Runtime: 5.5 hours (approx total)
Rated: R
What To Expect: A salutation of the best of British gangster thrillers
Click here to buy on The Long Good Friday Blu-Ray Steelbook on Amazon
Here is a movie from older times, when less was said but the message carried more weight. The Long Good Friday is a very 20th century gangster movie and possibly the best British gangster movie out there, even to this day. Before there was Lock Stock, there was The Long Good Friday and before there was Tony Soprano, there was Bob Hoskins’ Harold Shand. 35 years after its release, it’s now demanding that space be made on the shelf, with a fully remastered steelbook Blu-Ray release courtesy of Arrow Films, due this May 4th. Arrow continues their impressive track record of rooting out 1980’s classics afforded slightly less Blu-love and giving them a blow out comprehensive celebration.
To like A Long Good Friday is to love story telling, delivered by fine acting. The movie centres on London mob supremo Harold Shand (Bob Hoskins) and his attempt to develop docklands territory and legitimize his business in doing so. Climbing the food chain needs sponsorship, so New York heavyweight Eddie Constantine is flown in to listen to Shand’s pitch. However, Shand’s men (and even his own mother) begin falling prey to an unseen predator who nonetheless uses high publicity and embarrassing methods of executions – car bombs and bodies being nailed to floors. Unless Shand finds out who is doing it and put a stop to it at once, his potential investors from the States will walk.
This may have been the first time, or at least one of the first times, that ground was broken in the portrayal of a ruthless gangster as entirely human. Hoskins is one part sociopath, two parts regular businessman and average guy who likes a smoke and sometimes gets irritated by the missus.
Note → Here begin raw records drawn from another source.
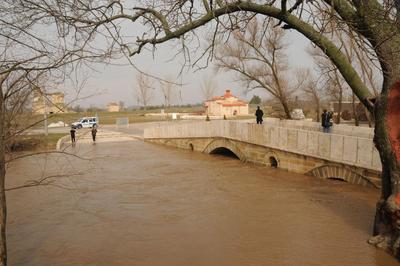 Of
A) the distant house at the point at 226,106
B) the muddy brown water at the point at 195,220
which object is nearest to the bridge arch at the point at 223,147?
the muddy brown water at the point at 195,220

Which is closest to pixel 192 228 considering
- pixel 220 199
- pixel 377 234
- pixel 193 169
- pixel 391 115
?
pixel 220 199

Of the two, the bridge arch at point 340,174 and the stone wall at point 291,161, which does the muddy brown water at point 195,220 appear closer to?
the bridge arch at point 340,174

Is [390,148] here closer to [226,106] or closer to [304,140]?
[304,140]

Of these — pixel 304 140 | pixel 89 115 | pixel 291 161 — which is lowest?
pixel 291 161

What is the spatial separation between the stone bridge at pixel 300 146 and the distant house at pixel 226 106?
120 feet

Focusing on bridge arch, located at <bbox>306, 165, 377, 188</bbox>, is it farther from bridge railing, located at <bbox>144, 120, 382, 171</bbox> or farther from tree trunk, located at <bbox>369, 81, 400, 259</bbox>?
tree trunk, located at <bbox>369, 81, 400, 259</bbox>

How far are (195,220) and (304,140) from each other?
6353 mm

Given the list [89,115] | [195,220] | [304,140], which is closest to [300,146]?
[304,140]

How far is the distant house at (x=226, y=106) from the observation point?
64.6 metres

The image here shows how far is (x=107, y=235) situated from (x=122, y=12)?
5.90 meters

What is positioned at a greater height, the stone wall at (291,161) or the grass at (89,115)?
the grass at (89,115)

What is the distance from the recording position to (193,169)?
21.2m

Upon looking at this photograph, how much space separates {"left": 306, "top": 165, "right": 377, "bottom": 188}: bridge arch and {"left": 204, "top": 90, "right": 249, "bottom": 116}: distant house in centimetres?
4825

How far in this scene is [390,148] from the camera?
27.0 feet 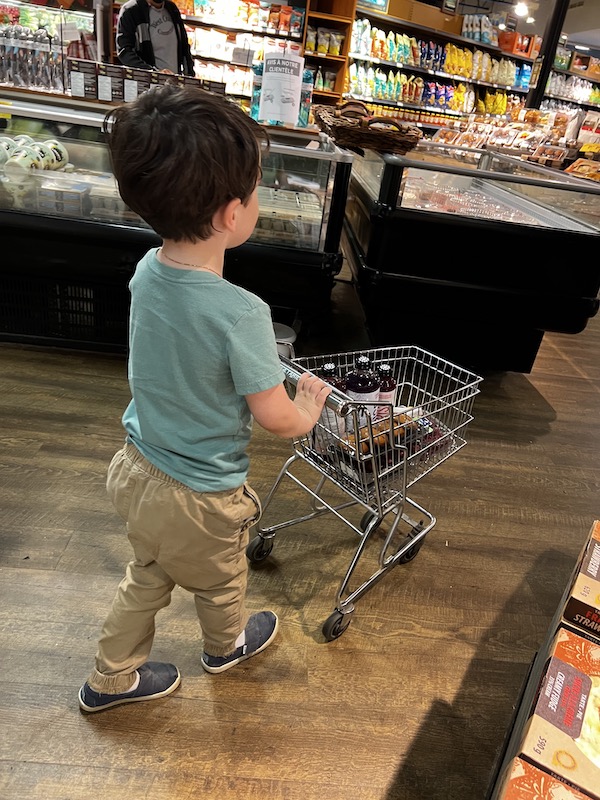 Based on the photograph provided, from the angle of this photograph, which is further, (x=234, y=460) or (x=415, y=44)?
(x=415, y=44)

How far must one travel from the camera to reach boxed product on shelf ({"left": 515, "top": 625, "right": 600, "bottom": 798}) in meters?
0.89

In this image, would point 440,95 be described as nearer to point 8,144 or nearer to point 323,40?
point 323,40

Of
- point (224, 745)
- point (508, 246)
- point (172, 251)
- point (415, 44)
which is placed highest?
point (415, 44)

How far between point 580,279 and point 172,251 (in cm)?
251

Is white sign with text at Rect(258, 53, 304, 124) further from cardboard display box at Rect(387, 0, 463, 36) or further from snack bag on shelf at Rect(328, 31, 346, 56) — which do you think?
cardboard display box at Rect(387, 0, 463, 36)

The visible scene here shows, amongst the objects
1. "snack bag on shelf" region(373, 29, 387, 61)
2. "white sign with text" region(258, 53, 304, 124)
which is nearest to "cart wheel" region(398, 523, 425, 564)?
"white sign with text" region(258, 53, 304, 124)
Acting aside, the pacing is also something to admire. Nowadays a movie like this might be tempted to shout and yell at its audiences for the first 15 minutes or so, or plant some ‘swerve’ in the intro, through fear of people not accepting a slower pace. This movie though plays things slowly, you’re there to watch a damn story for this one, not fist-pump the air. Perhaps Hoskins’ five minute dialogue-free ending, with the camera just showing his face going through a range of emotions, sums that up best. Although I do think that sometimes the movie is guilty of being a tad repetitive, at the expense of too much narrative being revealed in too short a time in the final half hour.
This movie on Blu-Ray for this edition has firstly been given the steelbook treatment. Those are popular for a reason, although review copies aren’t shipped with them. It has also been remastered, probably to the best as is technically possible. The restoration was sourced from the original negatives and approved by approved by cinematographer Phil Meheux. And you can tell, for instance in the many docks scenes, you can see clearly what is on the other side of the Thames, the ‘draw distance’ is impressive. The extras are also plentiful, around three and a half hours including new interviews, a making of documentary (with words from Helen Mirren and Pierce Brosnan), a Q&A session from 2000 with Bob Hoskins and more. Those choosing the limited edition will also receive a 100 page hard back booklet.
Is it The Godfather?, not quite. But for fans of this movie, which should be everyone, this should be one of May’s top picks.